Born in 1985 in Bettembourg in Luxemburg and living currently in Santiago de Chile, in the country of his origins, since 2010 the artist has seen his style grow to use a more than original medium: masking tape.
Like a surgeon, he operates his works with a scalpel, cutting characters with precision to examine this symptom of light that is shadow.
The familiar and spectral silhouettes of his series Es Como Si Non Existéramos for Sobering Galerie already impressed spectators by his technical mastery, but the naturalistic meticulousness employed for the creations of his new solo-show, Flying away, strikes the viewer in a new way.
The crowd dispersed to reveal only men and women, individualized, immobilized in the air, marking the ambiguity between falling and levitating.
At the border between drawing and sculpting, going so far as to evoke the grisailles of the Renaissance or the sinopie of Ancient frescoes, his aggregates of masking tape create shapes and give birth to meticulously executed characters. In the words of Ingres, “The simpler the lines and shapes are, the more beauty and strength there is.”
If this formal realistic work commands respect, it is his conceptual research around light that distinguishes it, especially in this last exhibition.
Like Eugène Carrière, whose paintings allowed bodies and faces to extricate themselves from a coppery mist, it is thanks to lighting that Carlos Rivera releases his floating men. It is thus through a soft glow that the volume appears to us, that the shadow lets a tangible materiality emanate.

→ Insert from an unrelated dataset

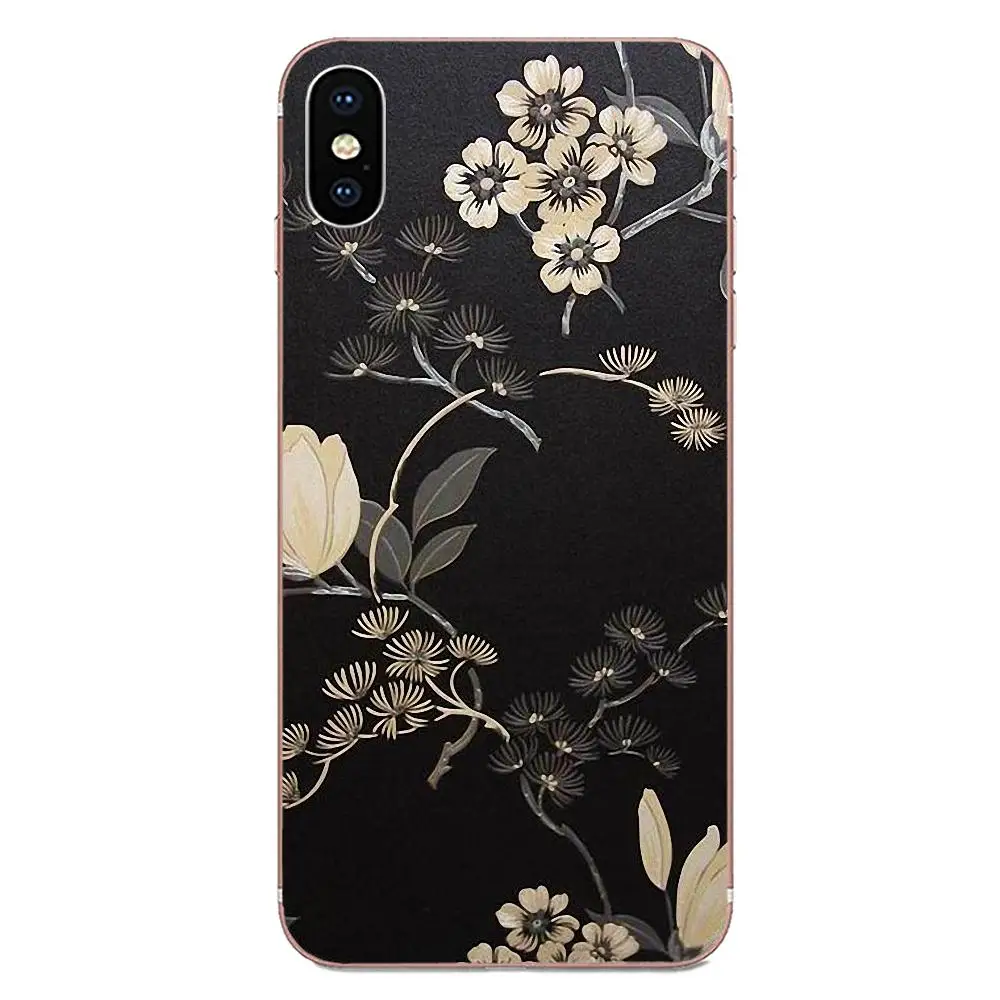 For LG K50 Q6 Q7 Q8 Q60 X Power 2 3 Nexus 5 5X V10 V20 V30 V40 Q Stylus Soft TPU Fashion Case Cover Dark Flower Texture Pattern | Мобильные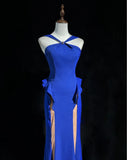 Ndyad Royal Blue Halter Mermaid Long Prom Dresses, Vintage Evening Gowns HZ1024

This important paradox to him – that of “the darkness of light” – thus manifests itself.
It seems today that we have forgotten the poetry that emanates from the darkness to retain only the fear. In 2015, however, as a reaction, Carlos Rivera said to the press: “We were brought up to stay away from the shadows, which have lost their meaning and which could also say many things about us. Today we are wary of it, when we should be wary of the hypervisuality and the excess of light that there is in contemporary society.”
The iconographic universe of the artist lies in the search for beauty extricated from everyday life, “snatching its epic side from life” to quote Baudelaire, and this with a few means. Carlos Rivera understands his creations as spectra, “fantasms” to be related to the Spanish translation. The invisible is intended to be dense, enlightened literally and figuratively by the light in its boxes.
From these floating bodies take shape a free fall, a syncope in the modern world, or an elevation, a tearing away from the earth and its laws.